Charles O. Cressey Endowed Professor, University of Washington School of Social Work
Professor, University of Auckland, School of Counselling, Human Services and Social Work
Restorative and Responsive Human Services
In Restorative and Responsive Human Services, Gale Burford, John Braithwaite and Valerie Braithwaite bring together a distinguished collection providing rich lessons on how regulation in human services can proceed in empowering ways that heal and are respectful of human relationships and legal obligations. The human services are in trouble: combining restorative justice with responsive regulation might redeem them, renewing their well-intended principles. Families provide glue that connects complex systems. What are the challenges in scaling up relational practices that put families and primary groups at the core of health, education and other social services?
This collection has a distinctive focus on the relational complexity of restorative practices. How do they enable more responsive ways of grappling with complexity than hierarchical and prescriptive human services? Lessons from responsive business regulation inform a reimagining of the human services to advance wellbeing and reduce domination. Readers are challenged to re-examine the perverse incentives and contradictions buried in policies and practices. How do they undermine the capacities of families and communities to solve problems on their own terms?
This book will interest those who harbor concerns about the creep of domination into the lives of vulnerable citizens. It will help policy makers and researchers to re-focus human services to fundamental outcomes at the foundation of sustainable democracies.
Gale Burford is Emeritus Professor of Social Work, University of Vermont, and currently a visiting scholar of restorative justice at Vermont Law School. Until his retirement from University of Vermont in 2014, he was Director of the University-State Child Welfare Training Partnership and Principal Investigator for the Vermont Community Justice Consortium. Gale first came to university teaching and research in 1981 at Memorial University of Newfoundland with experience as a foster and group home parent, caseworker and social work practitioner, trainer, supervisor, manager and senior administrator in services for children, young people and their families. He has taught, carried out research and program evaluation activities and consulted with programs internationally mainly on social work in statutory settings including child protection, youth justice and corrections. His best known research focuses on the use of family engagement and restorative approaches at the intersection of child protection and interpersonal violence.

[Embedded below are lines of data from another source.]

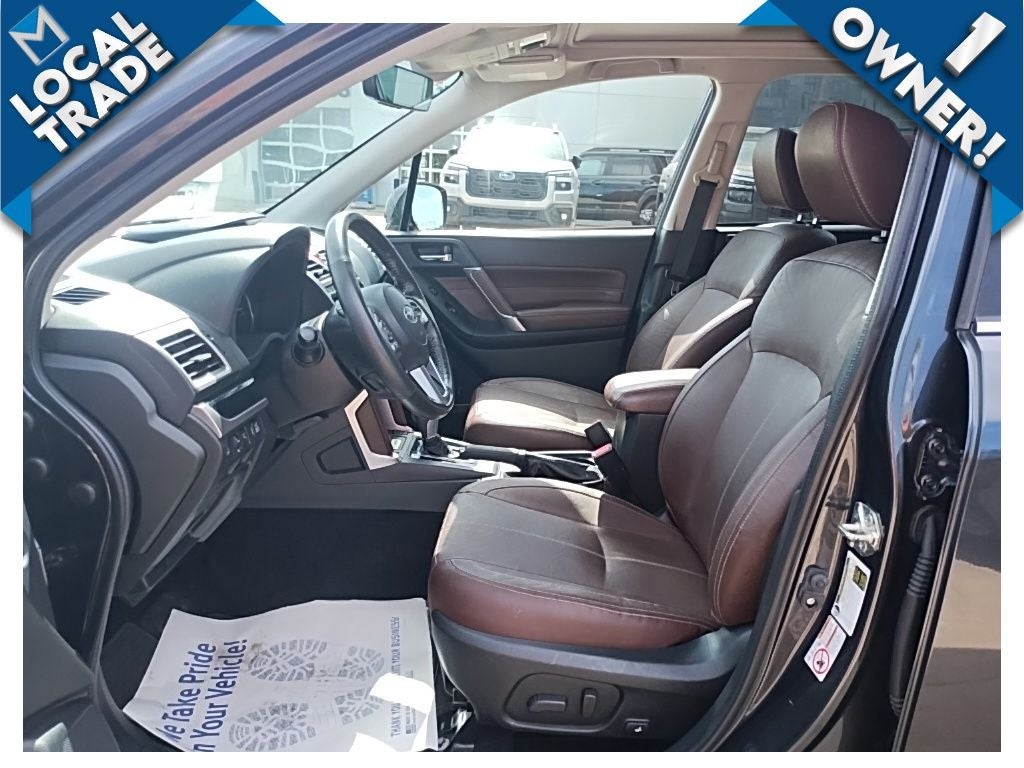 2018 Subaru Forester 2.5i Touring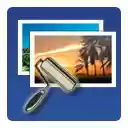 Cover Photo Maker  screen for extension Chrome web store in OffiDocs Chromium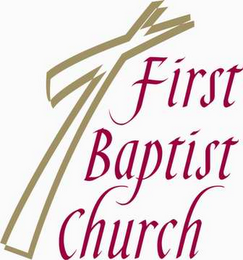 FIRST BAPTIST CHURCH logo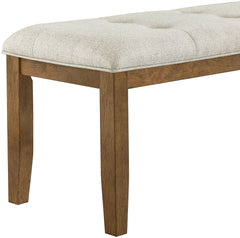Ananda - Fabric Upholstered Bench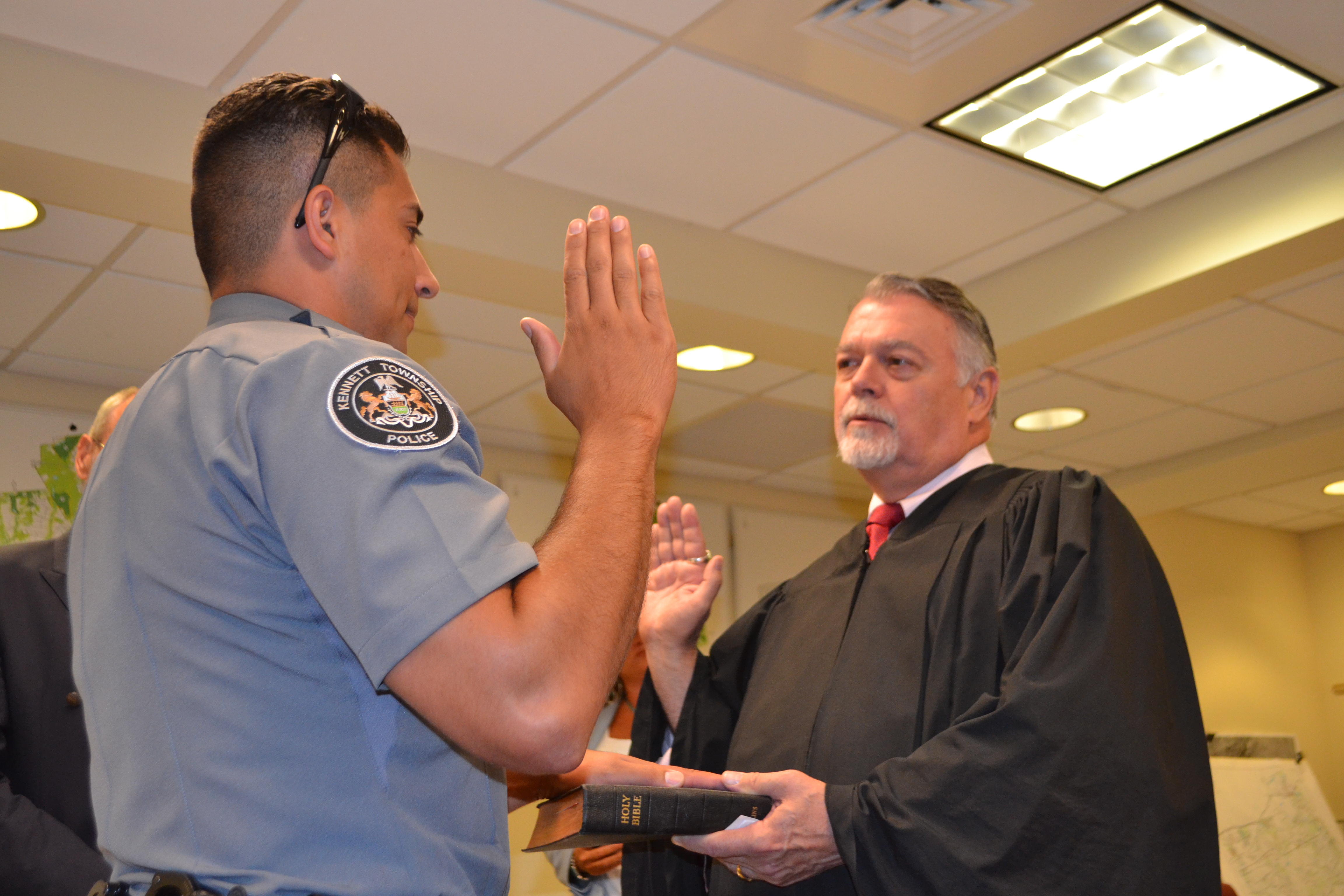 Township hires three police officers Chester County Press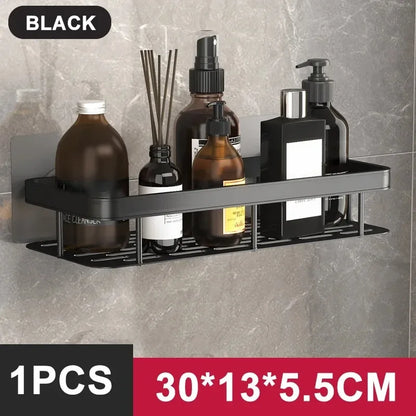 Étagère | Étagère salle de bain-Organiseur de rangement pour cuisine – Support en alliage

John Braithwaite is Distinguished Professor at RegNet (the School of Regulation and Global Governance) at the Australian National University. Since 2004 he has led a comparative project called Peacebuilding Compared (see johnbraithwaite.com). He also works on business regulation and the crime problem. His best known research is on the ideas of responsive regulation and restorative justice. Braithwaite has been active in the peace movement, the politics of development, the social movement for restorative justice, the labor movement and the consumer movement, around these and other ideas for 50 years in Australia and internationally.
Valerie Braithwaite is an interdisciplinary scholar and professor of regulatory studies in RegNet (School of Regulation and Global Governance), Australian National University. With a disciplinary background in psychology, her work focuses on how relationships of hope, trust and distrust ebb and flow between regulators and regulatees with often unexpected outcomes for society. Her work encompasses a diverse range of fields including human services. On behalf of the Australian Government, Braithwaite has conducted reviews of regulation in higher education and vocational education. Her most recent report All Eyes on Quality addresses how regulation can build learning communities and incentivize high performance and innovation.